(Provided material):
########################################
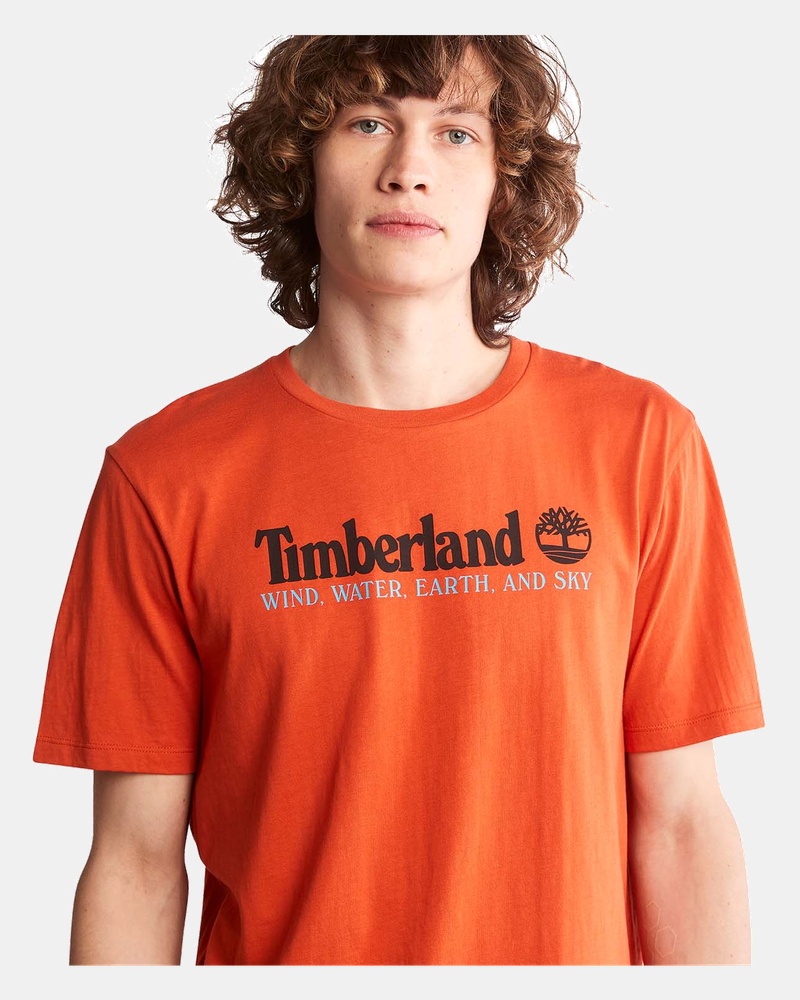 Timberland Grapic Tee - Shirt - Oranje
########################################
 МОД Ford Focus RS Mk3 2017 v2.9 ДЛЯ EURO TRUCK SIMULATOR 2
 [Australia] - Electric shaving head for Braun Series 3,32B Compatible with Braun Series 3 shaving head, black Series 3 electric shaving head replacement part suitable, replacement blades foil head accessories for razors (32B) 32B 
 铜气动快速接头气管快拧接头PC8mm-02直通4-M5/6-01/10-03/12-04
########################################
For the listing above, print only the lines starting at the line containing "[Australia] - Electric" and ending at the line containing "铜气动快速接头气管快拧接头P", exactly, both included.

(Result of the exercise):
 [Australia] - Electric shaving head for Braun Series 3,32B Compatible with Braun Series 3 shaving head, black Series 3 electric shaving head replacement part suitable, replacement blades foil head accessories for razors (32B) 32B 
 铜气动快速接头气管快拧接头PC8mm-02直通4-M5/6-01/10-03/12-04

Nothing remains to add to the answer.